Who should buy the eufy E28 Omni
- Buy it if you were about to buy both a robot vacuum and a standalone spot cleaner — at ~$659.99 the E28 replaces both and stores them in one dock.
- Buy it if you have carpet and want deep extraction: 85% embedded-dirt removal is a top-eight result out of 150+ robots.
- Buy it if obstacle avoidance matters — 23 of 24 objects avoided is among the best ever recorded.
- Buy it if you want strong mopping without a hot-water flagship budget; 127 on stain removal beats the 93 average.
- Skip it if anyone in your home has long hair. This is not negotiable — the hair test result is the worst on record.
- Skip it if you need a low-profile robot for under-furniture cleaning; 4.40 inches is tall.
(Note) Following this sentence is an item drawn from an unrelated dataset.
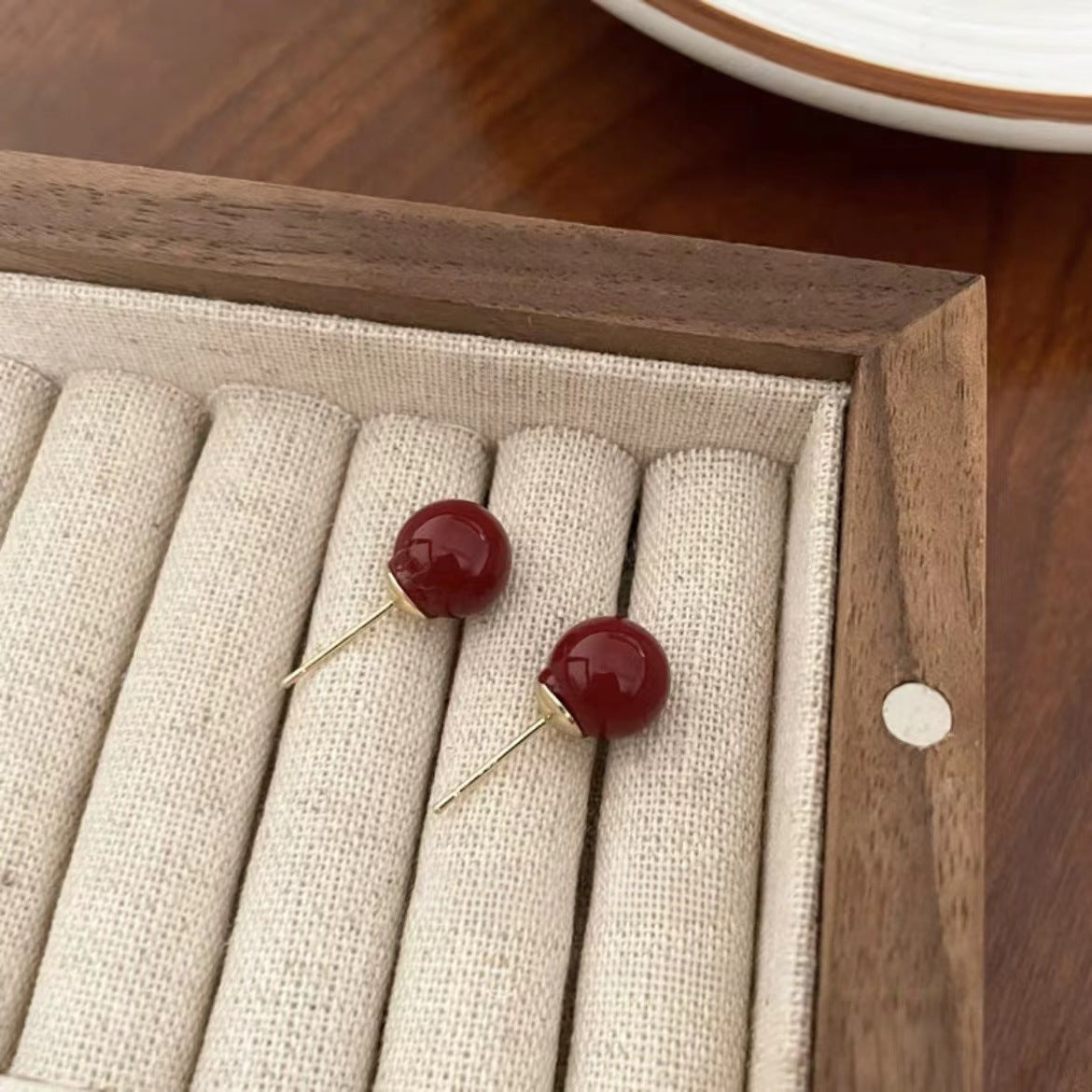 Style Wine Red Candy Pearl Female Niche Design Stud Earrings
- Skip it if you can’t find it near its sale price. At $1,399.99 the three-in-one maths stops working.
The bottom line
The eufy E28 Omni is best understood as a spot cleaner with a very good robot vacuum attached. The FlexiOne handheld out-suctions a Bissell Little Green, and the dock keeps it filled and drained so it actually gets used. Around it sits a robot that removes 85% of deep-carpet dirt (top eight of 150+), avoids 23 of 24 obstacles, and mops at 127 against a 93 average — despite measured suction of only 0.57 kPa against a 0.83 kPa average. That combination earns 3.63/5 and 15th place on Vacuum Wars’ Top 20, which sounds like faint praise until you remember no other robot on that list comes with a handheld extractor.
Two things decide it. If long hair is part of your household, walk away — the worst hair-test score ever recorded is not something to work around. If it isn’t, and you’d otherwise buy two machines, the E28 near $659.99 is one of the smarter buys in the category. Compare it against the field in our best robot vacuum rankings before you commit.